In the third blog of the series, we will be discussing varnish.
Varnish is a thin lacquer type substance that is applied to a book cover with an offset press. In order to have a varnish finish the entire cover must be printed offset. It is applied as a liquid, either as a flood (covers whole surface) or spot (covers only certain spots. People do this for effect sometimes), and then dries clear. It very minimally protects against sun fading, and general wear and tear of a book. You are likely to get frayed corners with this type of coating. If you want your cover to be embossed or debossed, however, this is one of the right finish options for you. The varnish floods into the ridges and ripples covering all nooks and cranny’s of the surface.
Varnish is available in gloss, semi-gloss, and matte. In order to get a high gloss sheen, you would need to do multiple floods of varnish.
Offset cover printing is an expensive option if you are not doing over 1000 books.
Varnish can be used as a coating for any type of book, even litho-wrapping.
Next week we’ll discuss UV coating.
In the second blog of the series, we will be discussing UV Coating.
UV Coating finish:
UV Coating is a lacquer that is applied to a book cover with an offset press, providing a very high gloss finish. In order to have a UV Coating finish the entire cover must be printed offset. It is applied as a liquid as a flood (covers whole surface) and then dries clear. It effectively protects against sun fading , and very minimally against general wear and tear of a book. You are likely to get frayed corners, and to eventually experiencing cracking with this type of coating. If you want your cover to be embossed or debossed, this is a fantastic finish options for you. It is probably the best option. The UV floods into the ridges and ripples covering all nooks and cranny’s of the surface, just like varnish, but it provides a stronger, better finish.
UV Coat is only available in a high gloss finish. Typically only one flood of UV is necessary.

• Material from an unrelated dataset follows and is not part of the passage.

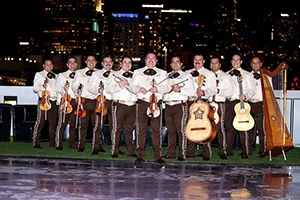 Mariachi Los Camperos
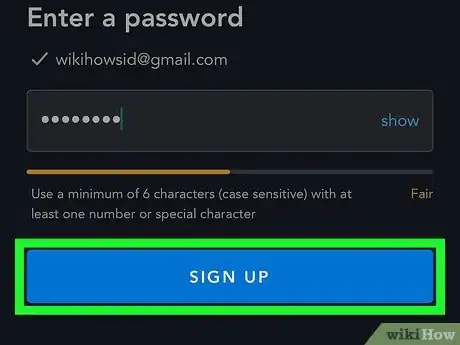 Image titled Watch Disney Plus on iPhone Step 5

As always, offset cover printing is an expensive option if you are not doing over 1000 books, and UV Coat is not available through all offset printers. Be sure to confirm that a printer actually offers UV and not just multiple coats of gloss varnish.
UV Coat can be used as a coating for any type of book, including litho-wrapped books.
Next week we’ll discuss varnish coating.
You want to protect the cover of your book, of that, there is no doubt, but what is the best way? It depends on your cover and book, really. Over the next several weeks we will discuss the different finishes, with their pros and cons, so that you can confidently decide for yourself which coating will best suit your needs.
Single side film lamination:
Film laminate (Commonly referred to as book laminate, or single side laminate in the book world, and will likely be called this on any quotes that you receive) is a very thin layer of a poly (plastic) material that is attached to a book cover using high heat and a roller press. If done correctly, this protective coating will last you a lifetime. It protects against liquid damage, sun fading, tearing, cracking, and general wear and tear of a book. You won’t get frayed corners with this type of coating. If you want your cover to be embossed or debossed, however, this is likely not the right finish for you. The ridges and ripples can prevent a tight seal and adhesion of the laminate to the surface of the cover. With film laminate, if you experience any air bubbles, or lack of adhesion, you run a high risk of delamination, where the laminate lets go of the surface, either in spots or on the entire cover.
Film laminate is available in both gloss and matte. While the technology to create a sturdy matte laminate has come a long way, gloss laminates are still recommended for covers that have wide spread areas of dark or highly saturated colors, as matte still scuffs more easily, and scuffs are also more evident, than with a gloss finish.
Film laminate can be used as a coating for any type of book, even litho-wrapping.